_Work task_: Word for word, restate every record, though not the pictures.

START Entries provided

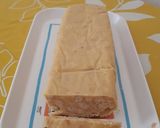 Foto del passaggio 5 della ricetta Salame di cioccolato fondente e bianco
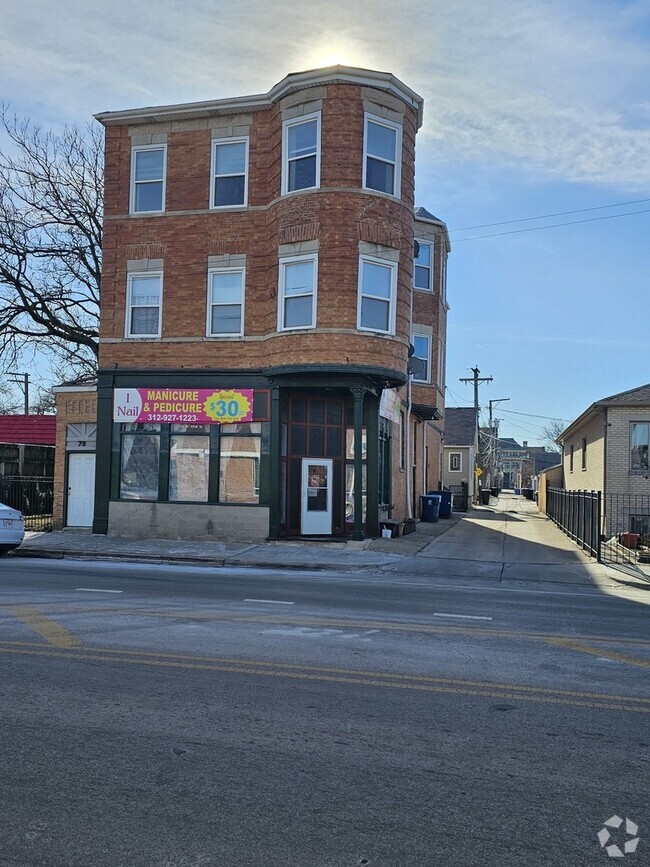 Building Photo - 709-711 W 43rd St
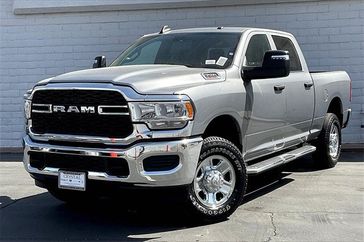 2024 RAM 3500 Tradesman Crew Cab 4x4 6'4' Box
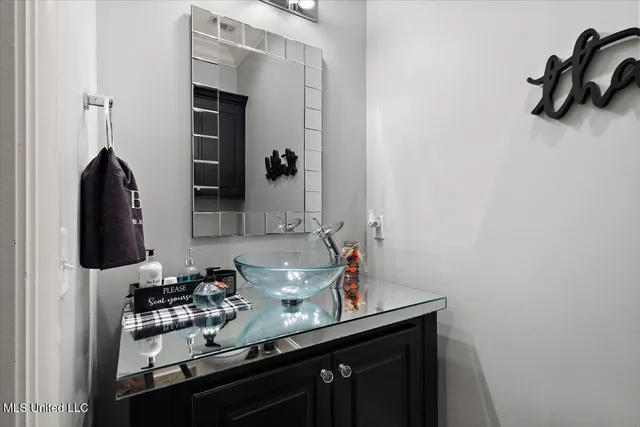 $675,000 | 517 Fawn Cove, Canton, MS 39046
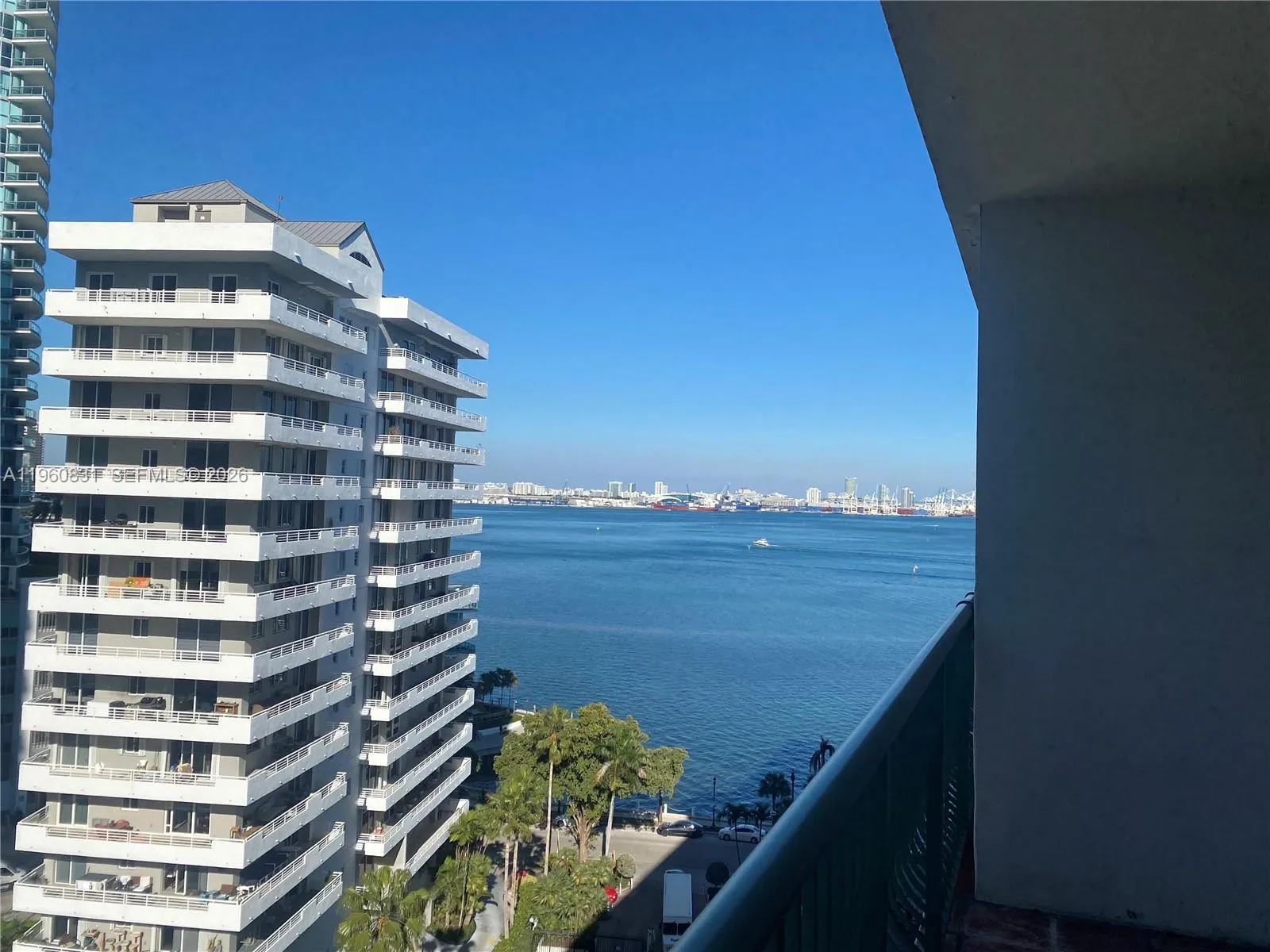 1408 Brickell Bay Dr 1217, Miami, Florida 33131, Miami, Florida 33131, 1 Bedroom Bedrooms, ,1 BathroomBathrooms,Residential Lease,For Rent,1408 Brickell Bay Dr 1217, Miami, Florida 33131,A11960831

END Entries provided

_Written response_:
 Foto del passaggio 5 della ricetta Salame di cioccolato fondente e bianco
 Building Photo - 709-711 W 43rd St
 2024 RAM 3500 Tradesman Crew Cab 4x4 6'4' Box
 $675,000 | 517 Fawn Cove, Canton, MS 39046
 1408 Brickell Bay Dr 1217, Miami, Florida 33131, Miami, Florida 33131, 1 Bedroom Bedrooms, ,1 BathroomBathrooms,Residential Lease,For Rent,1408 Brickell Bay Dr 1217, Miami, Florida 33131,A11960831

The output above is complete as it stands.